When SIMs were introduced, the purpose was to contain the user's identification for the sake of the mobile network. The small, relatively cheap physical objects were a convenient way of deploying subscriber identities separately from the bulky, expensive phone that may or may not have been supplied by the network operator. (Hence the name subscriber identity module.) The primary asset on the SIM is the identity of the user (in his role as subscriber to the mobile phone service); a secondary asset is the cryptographic key that protects it. See Security Engineering by Ross Anderson, §20.3.2 (§17.3.3 in the first edition).
You'll note that this is an asset of the network operator. The user has little incentive in protecting his identity. In practice, the loss of this asset means that the phone has been stolen. The loss of the phone is usually a higher cost than the possible loss of communication credit to the thief.

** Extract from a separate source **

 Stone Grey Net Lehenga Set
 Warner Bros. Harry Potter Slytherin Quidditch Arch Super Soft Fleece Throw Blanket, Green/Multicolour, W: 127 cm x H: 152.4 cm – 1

Over time, phones started to have more and more features. In particular, on basic mobile phones, the SIM tends to contain private data such as an address book. This private data is an asset of the user. With the move towards feature phones and smartphones, the private data escaped the SIM, which went back to containing little more than the subscriber's identity.
When you boot a basic phone, you're typically prompted to enter a 4-digit code. That's authentication for the SIM: basic phones tend not to have any authentication. When you boot a smartphone, it prompts you for its own authentication, and most users don't bother with a SIM PIN on top. I don't have figures, but I believe that most people do have one PIN (or other authentication factor such as gestures) for their mobile device, either for the SIM or for the phone. Miraculously (well, it's partly by design), the authentication or lack thereof correlates with the value of the assets to the user.
Access to the SIM allows the thief to impersonate the user, but only for a limited time, until it is reported stolen. If the thief has an unlocked SIM, he can access the user's voicemail and SMS history. This is a reason to protect your SIM even in a smartphone, but a weak one for most people: mobile phone theft is predominantly about the value of the phone, also more and more about leveraging smartphone data, but rarely targeted at the victim's private information. If you're likely to be targeted for your private data (say, if you regularly negociate multimillion deals on your phone), you'd better protect your SIM.
An unprotected SIM allows the thief to make phone calls without paying, and most importantly, anonymously. There are two main ways to make anonymous mobile phone calls: with a stolen SIM, if the thief isn't caught; and with a prepaid SIM, if it is bought anonymously (typically for cash or with a stolen credit card). A stolen SIM is inconvenient for that purpose in that it has a limited useful life (only until the SIM is blacklisted, which the operator can do). If the stolen SIM can go undetected for long enough to be fenced, it is much more valuable, as it makes the link between the SIM and the thief hard to trace.
If the thief uses the SIM, his approximate location becomes known. This is rarely a concern. The location of the theft is broadly known anyway. The identity of the thief is not known a priori; what is valuable is “where was criminal X at time T?”, not “where was the thief of this SIM at time T?”. The thief location is only useful if you can correlate the stolen SIM with the criminal in the first place. In practice, the phone is more likely to be traced than the SIM (both are equally traceable by the operator or law enforcement).
Note: this answer assumes that the thief is unable to guess or bypass the SIM PIN. This is a realistic assumption in most situations, as the SIM will lock after 3 invalid guesses, and the cost of breaking the SIM is typically higher than the assets.